El patrón no es nuevo ni exclusivo de Cataluña: le sucedió al Parti Québécois (PQ), promotor del referéndum independentista de 1995 en la región francófona canadiense -que hoy es residual en el Parlamento, con tres escaños de 125, frente al mayoritario CAQ de François Legault, nacionalista pragmático- y le ha ocurrido, de manera más atenuada, al Scottish National Party (SNP), que tras el plebiscito pactado con Reino Unido en 2014 ha visto truncarse, por otros motivos, los liderazgos de Alex Salmond, Nicola Sturgeon y del recientemente dimitido como ministro principal Humza Yousaf. Su sucesor, John Swinney, ha prometido buscar más apoyos para reintentar la ruptura con Londres en cinco años, pero la realidad es que los laboristas pugnan por arrebatar el primer puesto al SNP, que se arriesga a salir del Gobierno escocés en las próximas elecciones.

La lectura común, extensiva incluso al golpe de timón que ejecutó el PNV tras los sucesivos portazos al plan Ibarretxe, es que la desilusión y el cansancio del electorado frente a las limitaciones políticas y legales del objetivo independentista y las tensiones que esos procesos provocan acaban erosionando a sus promotores y fomentando la abstención. Pero hay matices.
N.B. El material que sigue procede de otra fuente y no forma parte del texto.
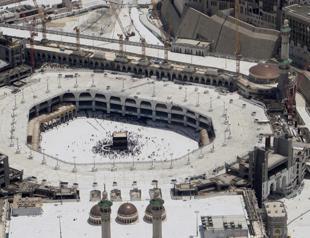 Muslim pilgrims scale Mount Arafat for peak of hajj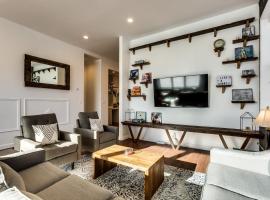 Converted Store Front Home Lets You Live Like a Local in the Heart of it All! condo, condo sa Chicago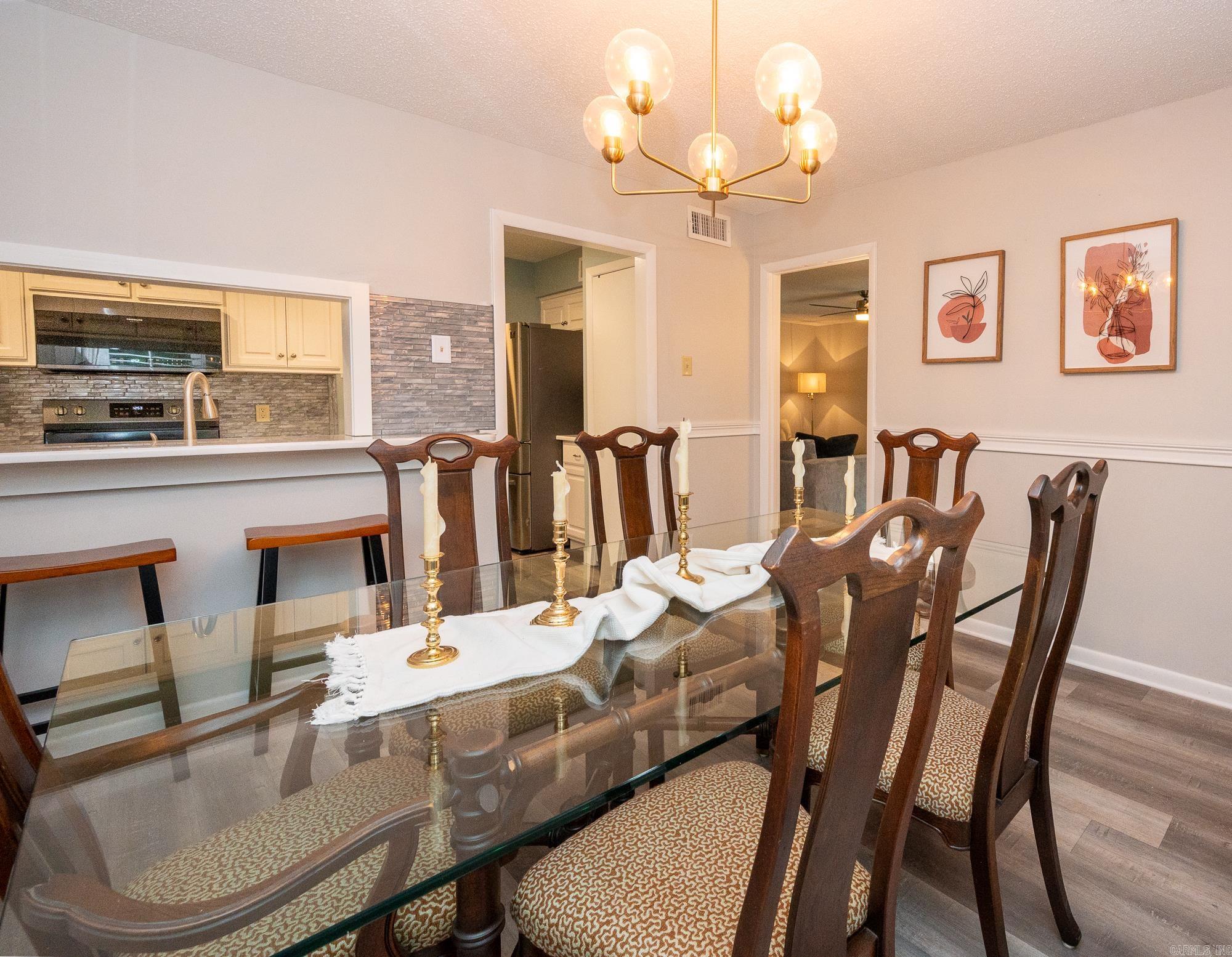 32 Hampshire  Little Rock, AR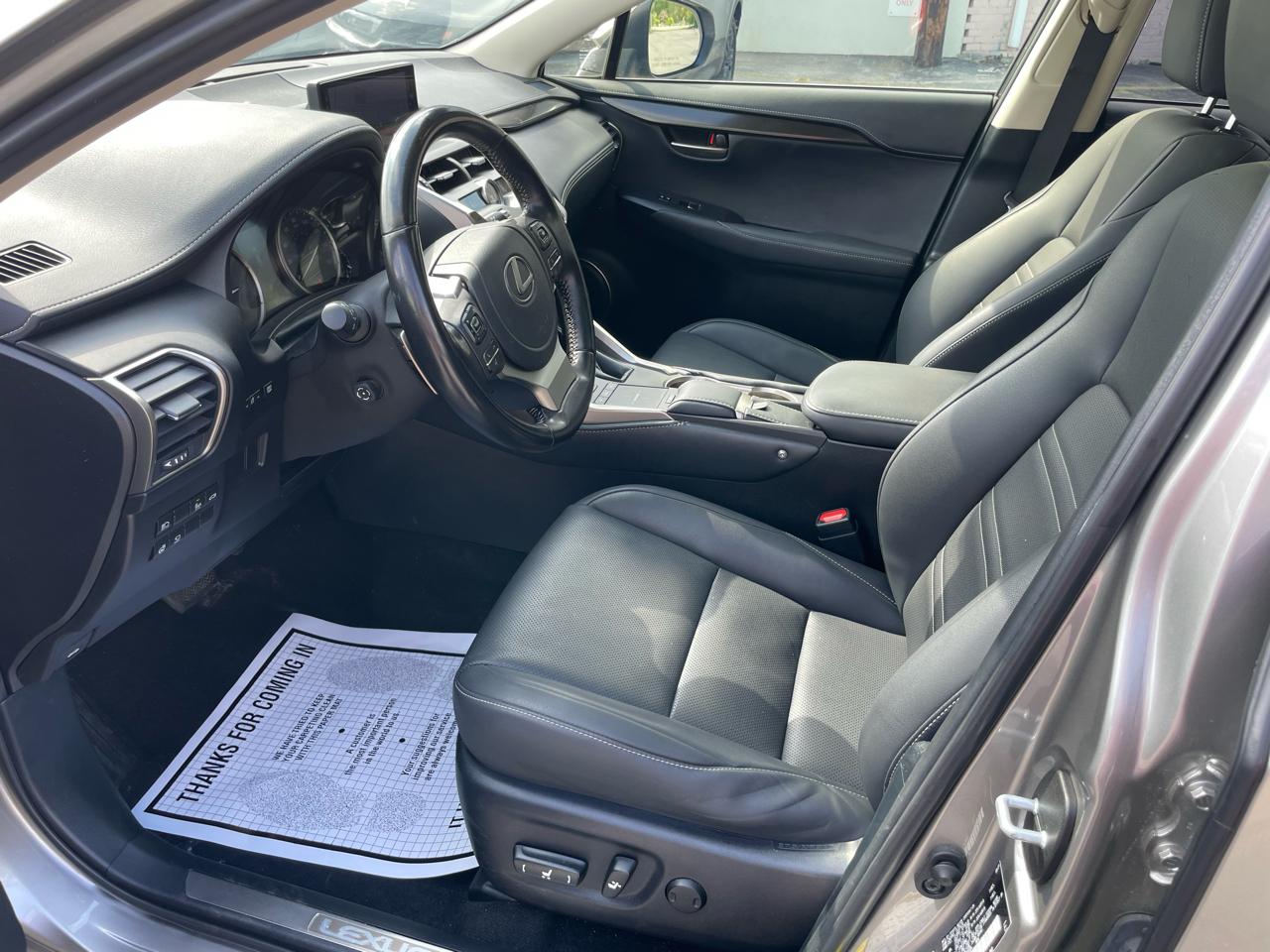 Lexus NX NX 300h AWD 2021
Por ejemplo, tanto en Quebec como en Escocia, con leyes fundamentales menos restrictivas que la Constitución española, se convocaron sendos referéndums, que los partidarios de la secesión perdieron por estrecho margen. «Allí donde los gobiernos han sabido afrontar mejor el desafío, el independentismo no ha dejado de existir pero ha virado hacia el pragmatismo», analiza Basaguren, que defiende que emprender «reformas» en el Estado autonómico, más allá de la ley de amnistía, podría ir encauzando el eterno problema catalán.

Porque, pese a las lecciones de Escocia y Quebec, hay otro dato fundamental que no pasa desapercibido a quienes analizan el fenómeno. «Quien más ha perdido es el partido que más ha apostado por la negociación y la bilateralidad», apunta la socióloga y profesora de la Universidad de Deusto María Silvestre, que ve sin embargo «reforzado» el «independentismo mágico» de Puigdemont y sus discursos «mesiánicos», aunque aliñados, recalca, por un intento de volver a conectar «con lo que fue Convergència, un partido de la burguesía catalana liberal, y con sus preocupaciones económicas». «Una parte importante del voto independentista prefiere un discurso hueco, lleno de gestos épicos, antes que asumir el coste y la lentitud de la negociación», apunta Silvestre.